Other options for this declaration:

• KOKKOS_FUNCTION which removes the inline keyword, allowing the function to be called between object files on the device side. This is generally not recommended.
• KOKKOS_FORCEINLINE_FUNCTION, which adds the appropriate compiler tags to force inlining of the following function. May be necessary in places for performance. As of recent versions of Kokkos, there are also declarations for member functions of objects, which previously have been very hard to make work. These are worth a look if you are writing new classes which need to operate on device for some reason.

Arguments

You'll better understand all the names after reading about Parthenon, but for now, notice there are three main kinds of arguments:

1. GRCoordinates object. G provides cell locations, connection coefficients, and the covariant and contravariant metric gcov/gcon (as well as the metric determinant and other neat coordinate tools and info).
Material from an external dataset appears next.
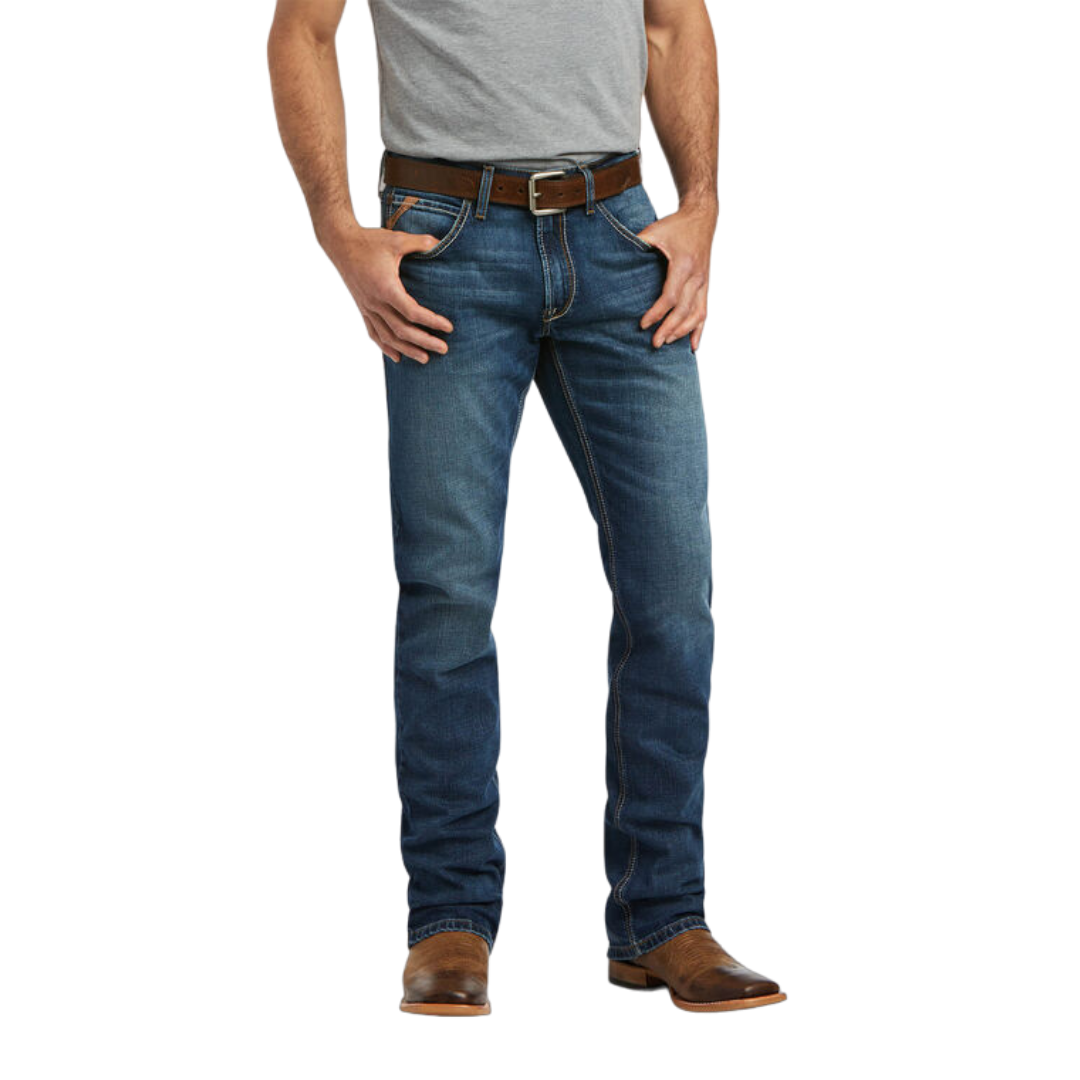 Ariat Men's M5 Straight Stretch Blue Jeans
As seen in the example, gcon is indexed by cell location, indices j and i corresponding to X2/X1 location (the metric is assumed symmetric in X3/$\phi$), and lastly the particular element of the 4x4 array. KHARMA currently stores all 16 values at each i, j zone despite the redundancy -- even if this is changed in the future, the interface will not be affected.
2. VariablePack object. This is basically Kokkos View, as described above, and behaves like an array. While these are templated on the type used in the pack, you will only ever see VariablePack<Real> (see the convention).
3. VarMap structs. The VarMap is a KHARMA-specific struct for recording the starting index of each variable inside a VariablePack -- that is, it's a collection of indices just like the macros RHO,UU, etc in iharm3D. Except, since packs are constructed on the fly, these indices can change from pack to pack. The VarMap of primitive variables is traditionally called m_p and of conserved variables m_u. The naming convention for variables dates from the macros found in earlier versions of HARM: RHO, UU, U1, U2, U3, B1, B2, B3. Preserving continuity with these versions, the same names are used for the conserved variables -- even though, for example, m_u.UU is actually $T^0_0$, the total stress-energy tensor component, not just internal energy. Plenty more variables need indexes when additional physics is enabled: you can find the full list of possible names in the file types.hpp. Any variable not present in the pack will have index -1, so we can check whether a variable is present in a given pack by testing that the index is >= 0.
4. FourVectors struct. Consists of 4 arrays 4 elements long, ucon, ucov, bcon, bcov, representing what you'd expect.

The remaining arguments are the the zone number k,j,i on which to operate (indexed within the current mesh block), and the particular zone location where the calculation is taking place (usually the zone center, sometimes the zone face when computing fluxes).

Implementation

The main thing to note (hopefully) is that the implementation of device-side functions looks pretty similar to the C-based functions in e.g. iharm3D or iharm2d_v4. Except for the translation []->(), RHO->m_p.RHO, NDIM->GR_DIM, etc., the operations remain the same as in those codes.

The macros DLOOPN are defined in decs.h, and loop variables mu, nu, lam, kap through indices 0-3, in that order. VLOOP does the same for indices 0-2 on index v. G.lower() is just a convenience function for contracting with the covariant metric.

Tutorials

For more advanced Kokkos usage, there is a set of tutorials at the kokkos-tutorials GitHub page, working through Kokkos features in a more studied and comprehensive way than I can do here.